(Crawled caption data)
--------------------
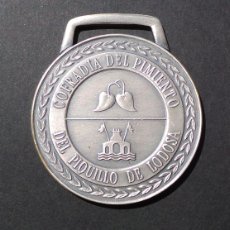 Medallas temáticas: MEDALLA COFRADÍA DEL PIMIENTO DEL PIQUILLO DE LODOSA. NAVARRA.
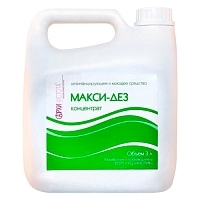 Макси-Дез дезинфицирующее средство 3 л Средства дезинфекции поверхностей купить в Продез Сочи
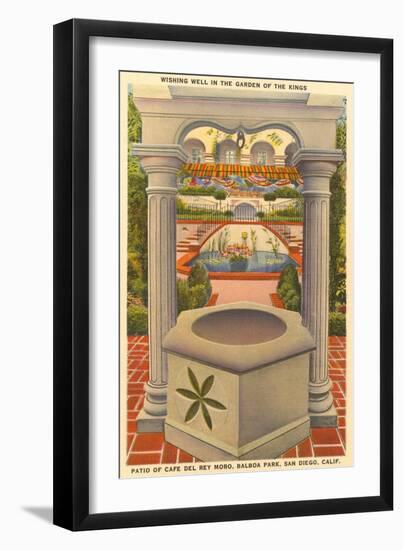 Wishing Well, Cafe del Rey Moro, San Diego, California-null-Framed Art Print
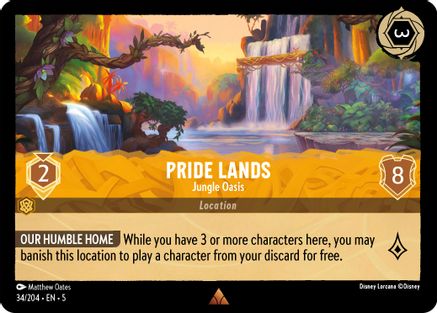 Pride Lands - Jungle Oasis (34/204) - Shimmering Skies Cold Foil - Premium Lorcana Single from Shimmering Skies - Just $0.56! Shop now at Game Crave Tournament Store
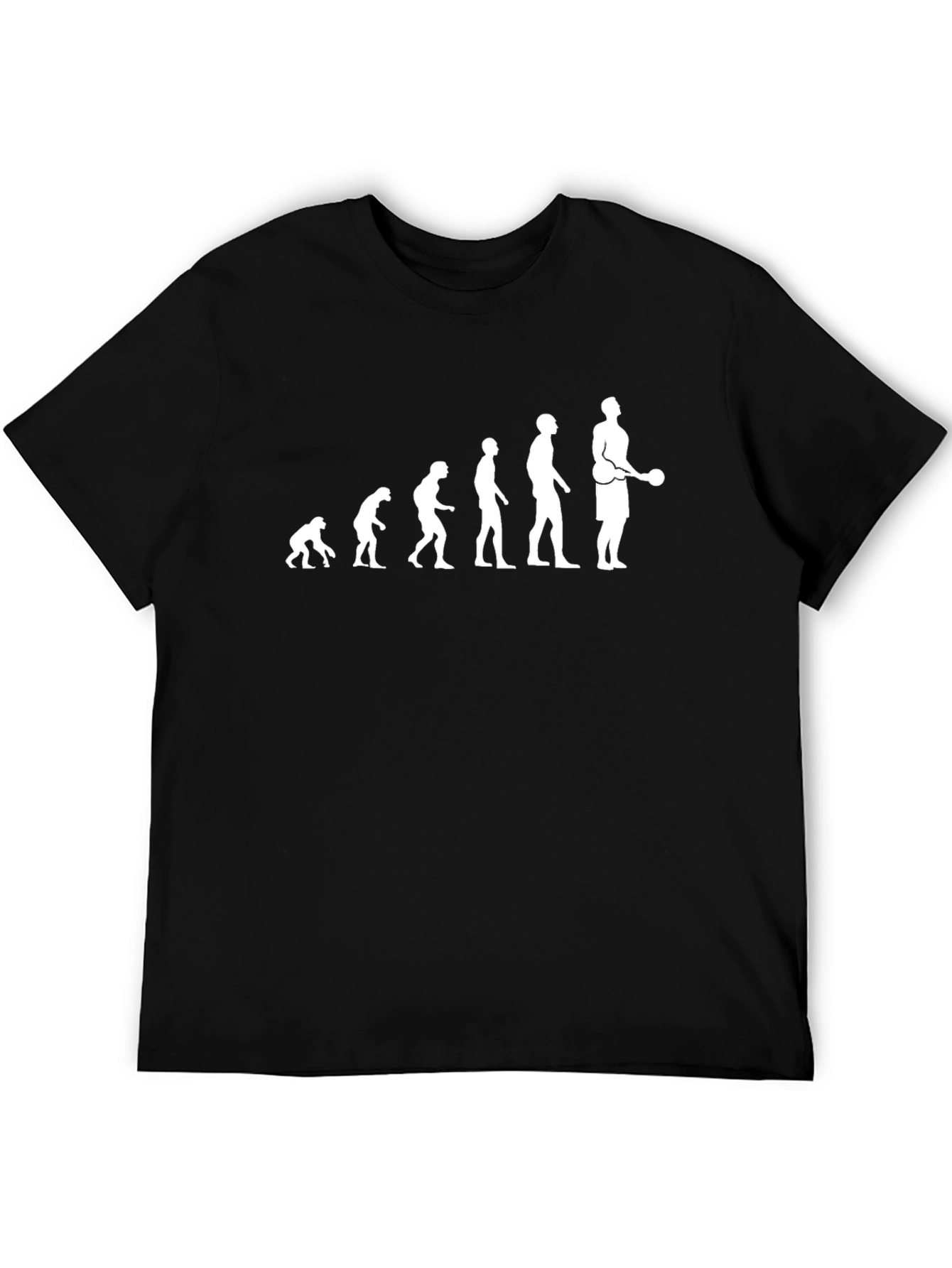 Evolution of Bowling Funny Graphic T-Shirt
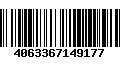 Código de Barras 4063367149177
--------------------
## Exercise requirements
Transcribe every entry word for word, excluding images.

## Solution to this task
 Medallas temáticas: MEDALLA COFRADÍA DEL PIMIENTO DEL PIQUILLO DE LODOSA. NAVARRA.
 Макси-Дез дезинфицирующее средство 3 л Средства дезинфекции поверхностей купить в Продез Сочи
 Wishing Well, Cafe del Rey Moro, San Diego, California-null-Framed Art Print
 Pride Lands - Jungle Oasis (34/204) - Shimmering Skies Cold Foil - Premium Lorcana Single from Shimmering Skies - Just $0.56! Shop now at Game Crave Tournament Store
 Evolution of Bowling Funny Graphic T-Shirt
 Código de Barras 4063367149177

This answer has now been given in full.